Morantz found these exclusions from benefit coverage account for little of the estimated cost savings, writing, “Even when all four factors are accounted for, [the Texas option] is still predicted to lower total cost per worker hour by more than 35%.”
Benefit Enhancements and Liability Exposure Lead to Safety Improvements
Morantz mentioned a prior research finding that a rise in benefits can spur employers to invest more heavily in safety. Also, the study says the significantly lower frequency of severe, traumatic accident claims “provides strong evidence for a real safety effect, which is precisely what economic theory would lead one to expect. [Texas option employers] are, at least in theory, internalizing all of the costs associated with workplace accidents (including tort liability), which should induce them to invest more in safety-enhancing technologies.” The negligence liability exposure for employers that elect the Texas option “may prove costly in exceptional cases” and “may strengthen their incentives to implement costly safety improvements” which, in turn, offsets the above moral hazard effects.

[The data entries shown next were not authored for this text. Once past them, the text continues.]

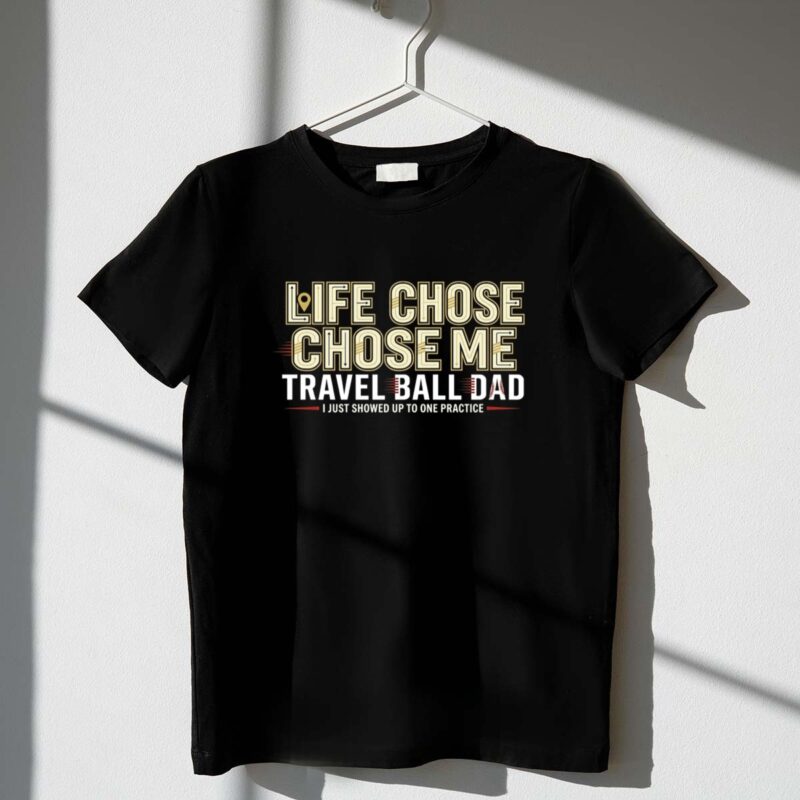 Travel Ball Dad Life Chose Me 1 T Shirt.jpg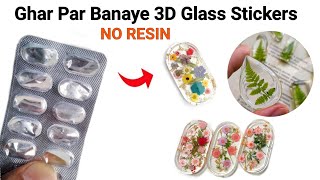 DIY Homemade Glass Stickers 🥰😍how to make stickers at homehomemade 3d Stickers [upl. by Sudnor]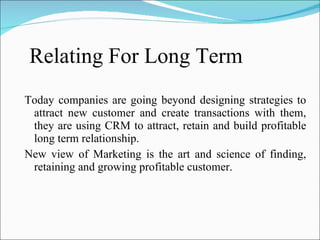 Relating For Long Term  Today companies are going beyond designing strategies to attract new customer and create transactions with them, they are using CRM to attract, retain and build profitable long term relationship. New view of Marketing is the art and science of finding, retaining and growing profitable customer. 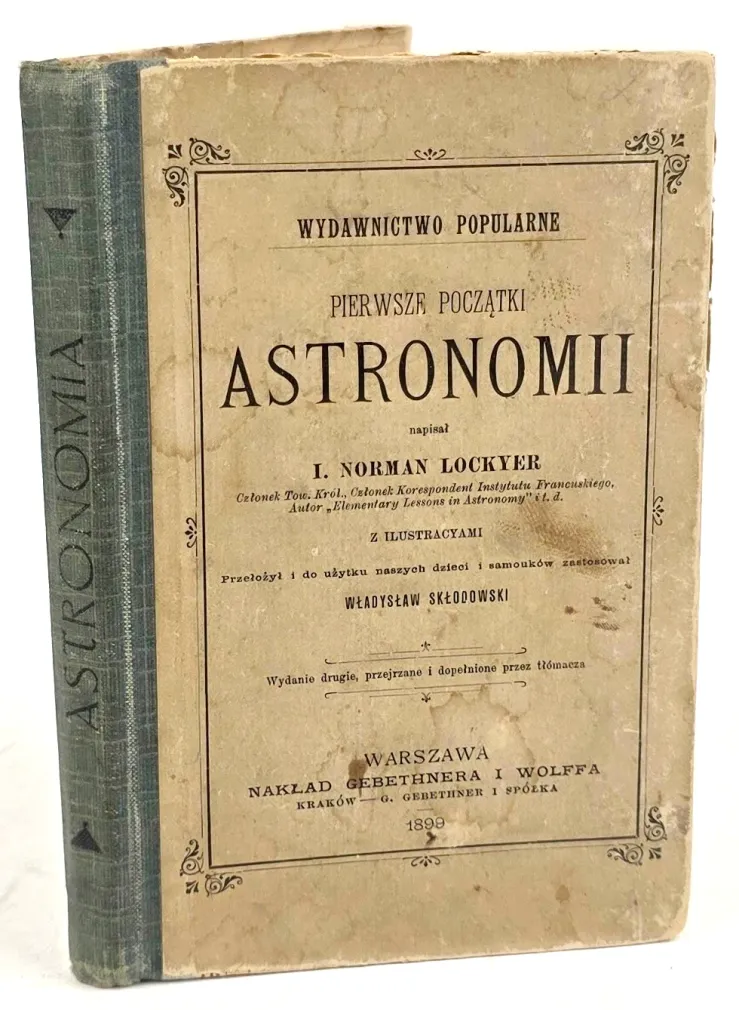 LOCKYER Joseph Norman -  PIERWSZE POCZĄTKI ASTRONOMII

Grounds for Denying or Terminating Benefits
Morantz found the majority of private plans include more grounds for denying claims or terminating benefits in particular cases than are commonly found in workers’ compensation. These provisions focus on employee accountability just before or after the injury takes place and on the nature of the injury. (Those provisions are commonly subject to a “good cause” exception that must be administered by a fiduciary under ERISA in the best interests of the injured worker.)
Impact of Employment Status
Contrary to option critics’ claims that all injury benefits cease upon any termination of employment, Morantz found that medical benefits continue unless the employee is fired for gross misconduct. She also found that option plans commonly do not terminate wage-replacement benefits if an employee is laid off, but such benefits do cease if the employee voluntarily quits or is fired for other reasons. Only one study participant’s plan reserved the right to terminate wage-replacement benefits if the employee was fired for any reason at all.
See Also: What Schrodinger Says on Opt-Out
Retaliatory Discharge Claims
Morantz noted that the Texas’ Workers’ Compensation Act protects employees who file workers’ compensation claims from retaliatory discharge but that employees covered by option programs enjoy no similar protection under state law. However, she also noted the anti-discrimination/anti-retaliation claim available to workers under Section 510 of ERISA.
Drop in Texas Workers’ Compensation Rates as Large Employers Moved to the Option
Although very small firms (those with one to four employees) have always been disproportionately likely to forgo participation in Texas workers’ compensation, Morantz noted that substantial numbers of very large employers (those employing at least 500 workers) began doing so around the turn of the millennium. In 2001, Texas had among the highest reported cost-per-claim among the 14 states included in the annual Workers’ Compensation Research Institute (WCRI) cost benchmarking study. Since then, both medical costs and indemnity payments per claim under Texas workers’ compensation have plummeted.
Need for More Study
Morantz concluded there is an urgent need for further analysis of the economic and distributional effects of workers’ compensation systems co-existing with privately provided forms of occupational injury insurance. This includes the need to further (1) identify which specific characteristics of private plans are producing the majority of cost savings, (2) study potential cost-shifting to government programs or group health plans and (3) consider differences between option programs sponsored by small-, medium- and large-sized employers.